General Brewing from San Francisco started brewing this American adjunct lager in 1934 with the intent to make a beer as well as the Germans on a large scale. Becoming the second most popular beer in America off and on during the 50’s and 60’s, its popularity dropped off in the seventies and the product name was sold to Labatt Brewing and Pabst, and is still sold today in parts of Canada. I’m hoping to find some when I go there next year. Although this is not a craft beer, I always thought it was very refreshing, and I loved the aesthetic of the label. This verbiage on the can sold me on the contents when I was young and impressionable, “This Traditional Lager Beer owes its distinctive character to the finest quality ingredients and purest brewing water. In addition, long aging in ice cold cellars makes Lucky a true Lager beer and is the reason Lucky has been a favorite since 1934.”

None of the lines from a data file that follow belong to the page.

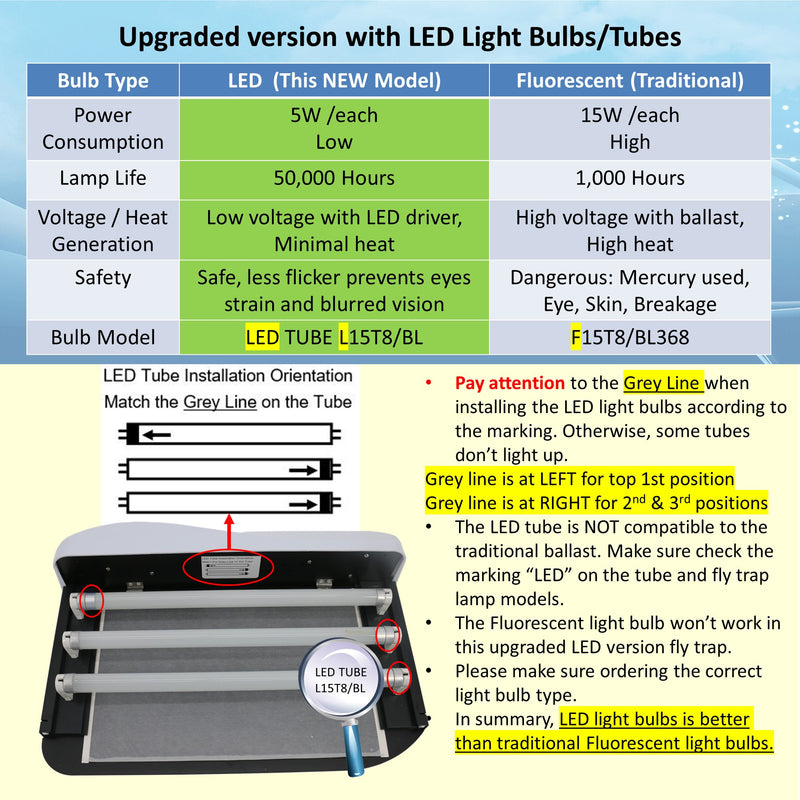 LED TUBE L15T8/BL 5 W LED UV Light Bulb for Wall Mount Sticky Fly Trap Lamp FT-3W45-LED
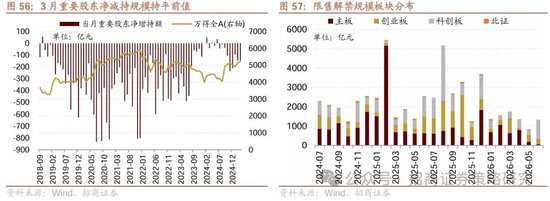 招商策略:峰回路转,逢低布局 第56张 招商策略:峰回路转,逢低布局 第56张
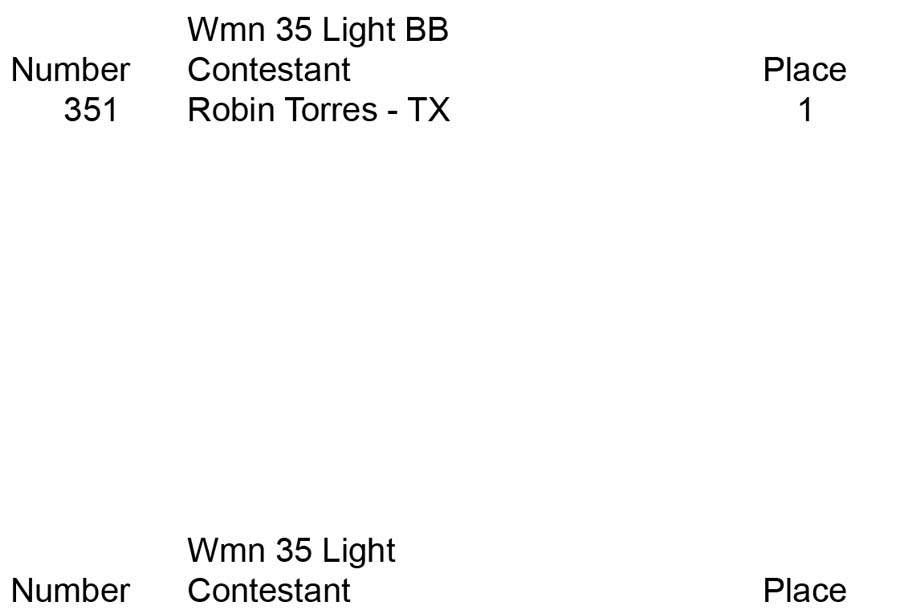 womensbb Wmn 35 Lt placing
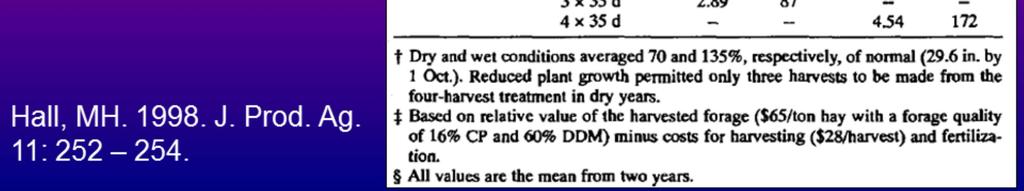This response is logical because harvest schedules that produced the greatest yields also produced forage of the lowest quality, resulting in similar economic return for all harvest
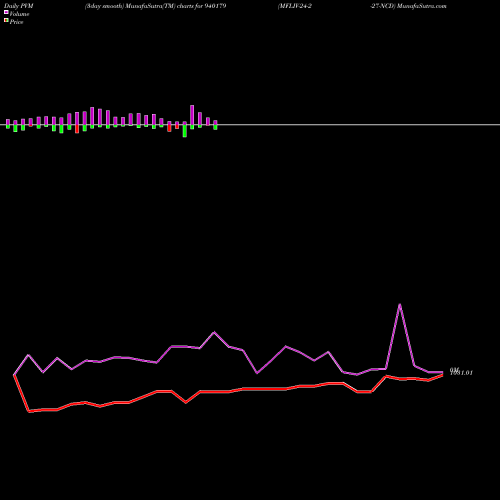PVM Price Volume Measure charts MFLIV-24-2-27-NCD 940179 share BSE Stock Exchange 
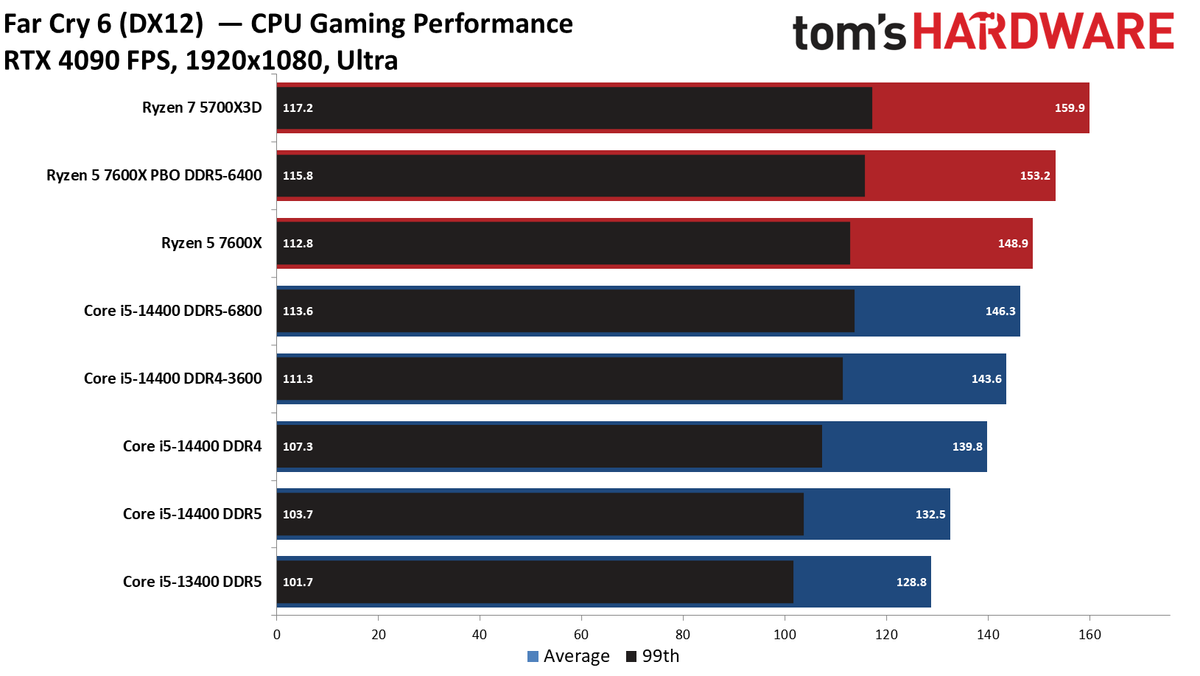 Intel Core i5-14400 vs AMD Ryzen 5 7600X Faceoff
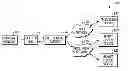 Fig. 01 - Set-top box-based TV streaming and redirecting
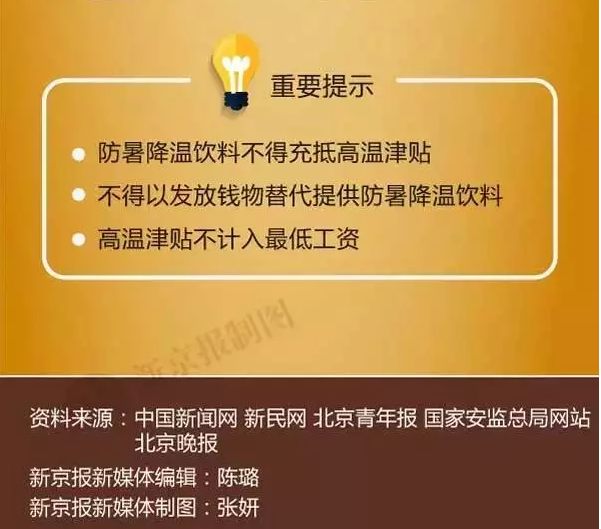 45度高温下 我们都是蠕动的五花肉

I hope you have fond memories of Lucky Lager like I do. Raise your cans, stubbies, or 40s high, and make a toast, “Cheers to getting Lucky!”
I remember when Red Chair NWPA came in a 22 oz bomber, and was dubbed an IPA. I loved the graphics on the bottle! Since I’m a skier, I bought a bunch of these and included this beer in the original 99 Bottles of Beer on the Wall painting series. I revisited the production version rebranded NWPA for North West Pale Ale as my 13th Thirsty Thursday beer painting, pictured at Arctic Valley Ski Area up here in Anchorage, Alaska, since we have two beautiful Riblet red chairs nearly exactly as pictured on the NWPA label. A month ago we were cruising around Oregon and Maria and I hit up Mt. Bachelor to ride the “real” red chair that inspired this delicious ale. The original double chair was installed in 1964, and upgraded to a triple chair in 1981. Unlike the cushy modern quad chairs, this one comes at you fast and hot, and you better be ready for it, or it will knock you right down on your face! During our lunch break on the mountain I ordered a pint of… you guessed it… Red Chair NWPA. Maria and I shared a burrito that was larger than my head! Sure tasted great with the NWPA! The next day I went to Deschutes Brewery in downtown Bend and bought this growler, because it’s so cool, and I thought it would look good on the vintage chair in a beer painting. The Deschutes pub glass looks right at home riding the chair as well (how else do you think they get beer up the mountain?).
Cheers to riding the cool red chair! Raise your NWPA high to keeping the traditions alive! May your ski day be epic, and your Après ski be well-earned!